L’intérim spécialisé se caractérise par des missions significativement plus longues que l’intérim classique. Plus le niveau de qualification est élevé, plus les missions longues – 3 mois et plus – prennent le pas sur les missions courtes. Dans 20% des cas, les intérimaires spécialisés se voient proposer un poste dans l’entreprise à la fin de leur mission.

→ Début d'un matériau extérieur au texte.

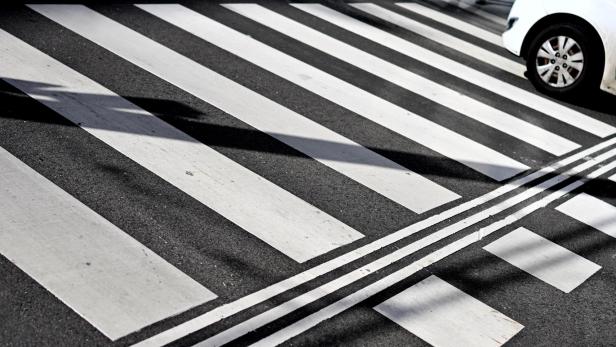 Fahrerflucht in Bludenz: 13-Jähriger auf Schutzweg von Auto erfasst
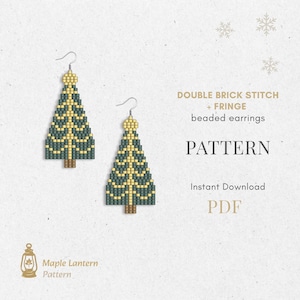 Puede incluir: Dos pendientes de árbol de Navidad con cuentas y ganchos plateados. Los pendientes son verdes y dorados, con un tronco marrón. La imagen incluye el texto "DOUBLE BRICK STITCH + FRINGE beaded earrings PATTERN Instant Download PDF".
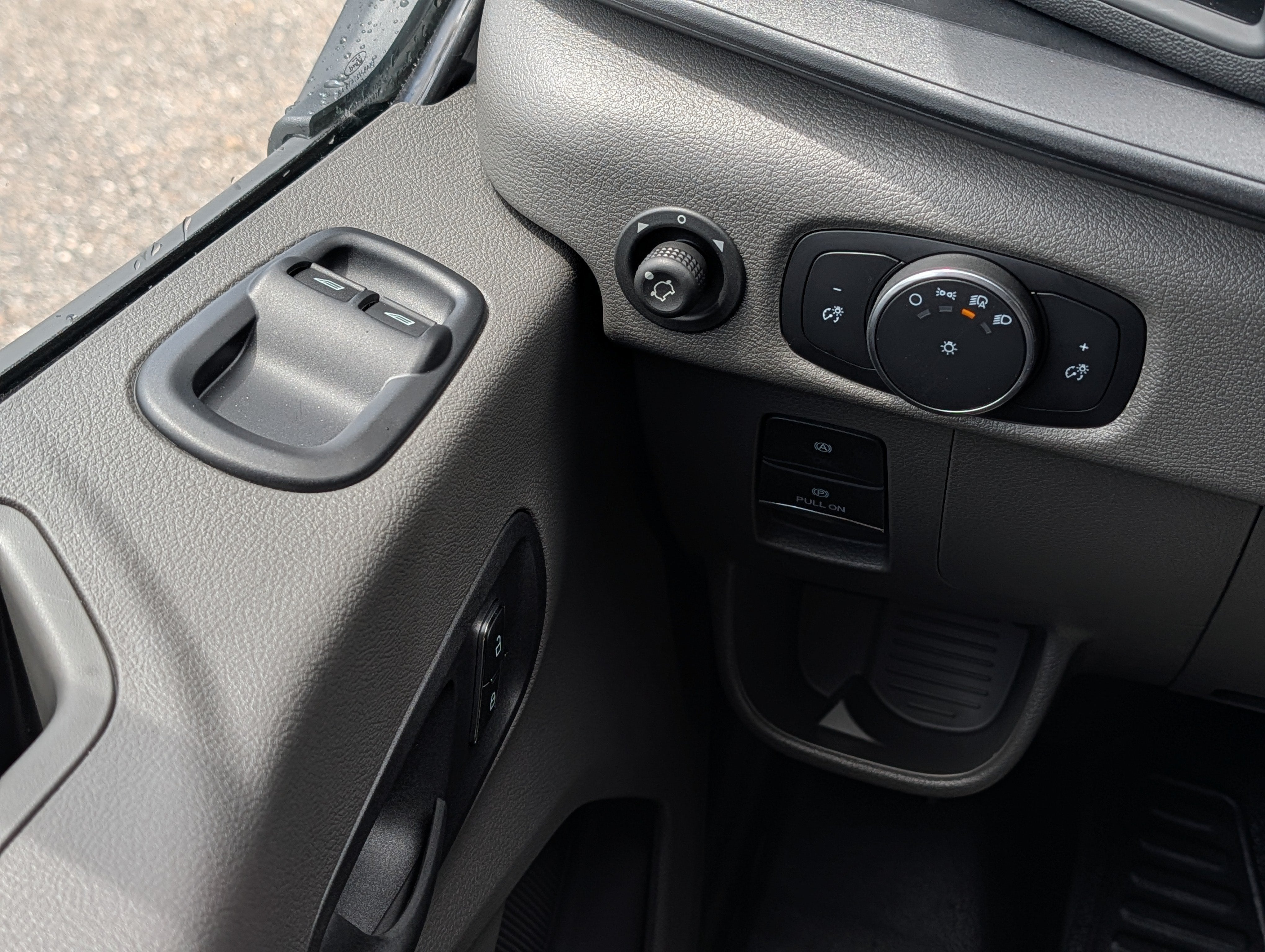 2026 Ford Transit Passenger Wagon Base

Si la majorité des placements en intérim spécialisé concerne aujourd’hui les employés et les techniciens, la proportion des professions intermédiaires et des cadres de premier niveau tend à augmenter depuis plusieurs années. Le secteur des services emploie près de 40% de la main d’œuvre intérimaire qualifiée, suivi par l’industrie. C’est dans ces deux secteurs que l’on trouve la majorité des missions d’intérim confiées à des cadres et à des ingénieurs.

Malgré la crise, les métiers de l’ingénierie, de la finance d’entreprise, des achats et de la logistique restent dynamiques de l’intérim spécialisé, les entreprises ayant du mal à recruter en direct ( exemple des Acheteur(se)s industriel(le)s ayant deux à trois ans d’expérience, des Contrôleurs de gestion et des Gestionnaires Paie et Administration du personnel, des Techniciens de maintenance très spécialisés (industrie, informatique, télécom, BTP…).

La plupart des jeunes actifs n’envisagent pas une carrière d’intérimaire mais n’ont pas non plus les réticences de leurs aînés par rapport à l’intérim. Leur perception a évolué : l’intérim est aujourd’hui reconnu pour favoriser l’employabilité et donner accès à des postes correspondant vraiment à un métier et à une qualification propres.